At our next pub stop, Griffon, we heard a tale about a pirate, Anne Bonney, who set sail from Charlestown disguised as a man, and at the next, South End, about the man who hanged himself on the third floor of the building. Then we went up to South End's third-floor bar. Whaddya mean, his ghost never left the building? Did that chair just move on its own?
We were on an Oktoberfest walking tour of Charleston's historic pubs (a slightly different version of the tour is available year-round), and there was plenty of fodder for our visits to four pubs. In one of North America's oldest cities -- and a port city at that -- even the taverns have colonial-era histories.
The tour was scheduled to run from 5-8p.m., and our pirate-guide, Mike Coker, told us it's often closer to 8:30, depending on how much we eat at the pubs and how much he talks.

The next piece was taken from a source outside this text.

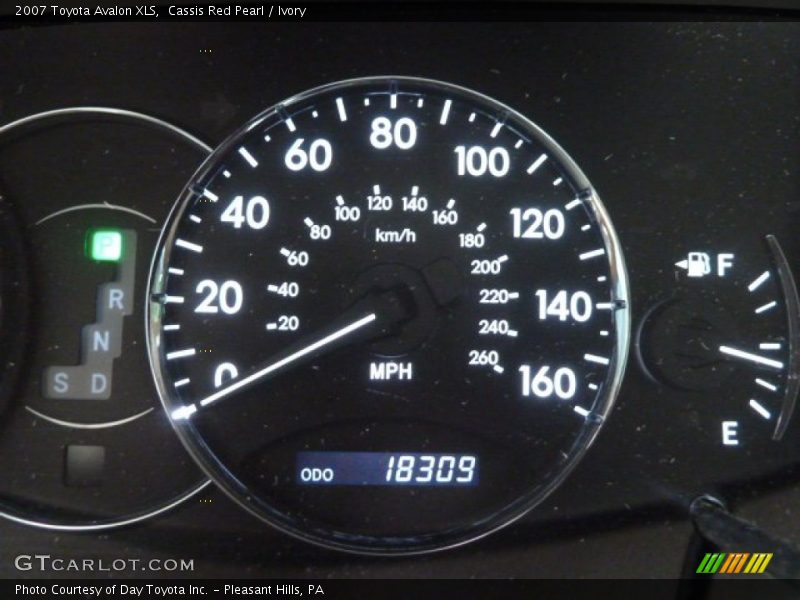 Cassis Red Pearl / Ivory 2007 Toyota Avalon XLS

Mike knows his local history -- he's written a couple books on Charleston -- and was quite entertaining. Plus, we were a congenial group. So by 8:30, we were just arriving at pub no. 4, Tommy Condon's.
Click here for information on the Charles Towne Pub Stroll. Unless you've been in training, four beers plus some pub
food is plenty to consume. Don't kid yourself that you can walk it all off that
night. But the tales are calorie-free.